На беду, было ветрено. Горящую солому несло на другие крыши, возникали все новые очаги. Антон Бобрук схватил ведра и бросился к Степанюкам, но горело уже полдеревни. Побежал назад, успел выхватить из своего дома швейную машинку и свадебный портрет, вынес с «жолнежем» сундук на луг, как стали рваться снаряды.


За полчаса восточная часть деревни превратилась в пепелище, из которого, как могильные кресты, торчали трубы печей. Кругом валялись обугленные куры, свиньи.
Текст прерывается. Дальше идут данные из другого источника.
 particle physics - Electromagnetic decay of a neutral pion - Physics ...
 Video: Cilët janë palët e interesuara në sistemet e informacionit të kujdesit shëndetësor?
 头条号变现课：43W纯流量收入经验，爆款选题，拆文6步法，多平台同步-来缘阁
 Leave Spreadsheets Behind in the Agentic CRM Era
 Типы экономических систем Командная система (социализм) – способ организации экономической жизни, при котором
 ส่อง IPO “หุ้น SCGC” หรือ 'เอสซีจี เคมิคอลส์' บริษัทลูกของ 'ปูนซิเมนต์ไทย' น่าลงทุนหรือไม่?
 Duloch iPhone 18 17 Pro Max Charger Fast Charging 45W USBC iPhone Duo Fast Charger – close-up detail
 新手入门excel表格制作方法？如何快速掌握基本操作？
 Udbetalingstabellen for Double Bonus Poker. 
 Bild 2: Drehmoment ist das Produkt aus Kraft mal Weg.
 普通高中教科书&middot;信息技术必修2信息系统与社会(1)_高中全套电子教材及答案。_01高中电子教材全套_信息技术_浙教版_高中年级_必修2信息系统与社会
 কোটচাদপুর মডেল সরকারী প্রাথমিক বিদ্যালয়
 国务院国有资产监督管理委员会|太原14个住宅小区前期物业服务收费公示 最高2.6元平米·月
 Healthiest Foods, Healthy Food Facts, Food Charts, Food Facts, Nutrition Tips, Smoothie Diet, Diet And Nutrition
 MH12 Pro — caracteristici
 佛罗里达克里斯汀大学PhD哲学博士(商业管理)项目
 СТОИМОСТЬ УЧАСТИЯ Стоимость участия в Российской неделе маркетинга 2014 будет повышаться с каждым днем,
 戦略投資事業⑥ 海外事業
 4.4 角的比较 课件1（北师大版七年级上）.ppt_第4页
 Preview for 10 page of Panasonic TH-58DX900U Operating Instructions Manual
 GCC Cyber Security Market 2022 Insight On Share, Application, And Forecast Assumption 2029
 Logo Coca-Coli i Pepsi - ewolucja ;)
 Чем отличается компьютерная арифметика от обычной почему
Самое страшное, сгорели закрытые в хатах малые дети, кого женщины еще не брали с собой в поле. Матери бежали к деревне, но не успели.


Весть о речицкой беде разлетелась по окрестностям. Приехал на возу Жорж Засимович, родственник Бобруков с Лысой Горы, и забрал ночевать к себе. На другой день вернулись на пожарище.


В горле накатил ком: как жить?


Появилась полевая кухня. «Жолнежи» раздавали кашу и хороший, не постный суп. Но посуды не было, Мария Бобрук подставила под кашу подол и так принесла детям. Нашли среди пепла несколько покореженных ложек, почистили – но все равно шершавые, в рот не взять…


Кума принесла хлеб и бидон муки. Лето как-то перебились, хлопоты были у всех одни. Антон соорудил временную буду. Польские власти выдали погорельцам ссуды, военные, по чьей вине произошло возгорание, выписывали лес. Предусмотрительные получили страховки.


Пока шли оформления, закупались материалы, минуло лето. А в сентябре война, смена власти – строились уже при советах. Первую зиму бедовали: топили печку прямо под небом, садили вокруг детей и набрасывали мешковину, чтоб удержать тепло.


Антону, как председателю сельсовета, предлагали добротный дом, оставшийся от польской семьи, но он отказался: «Это не мое». Помаленьку отстраивался на своем месте.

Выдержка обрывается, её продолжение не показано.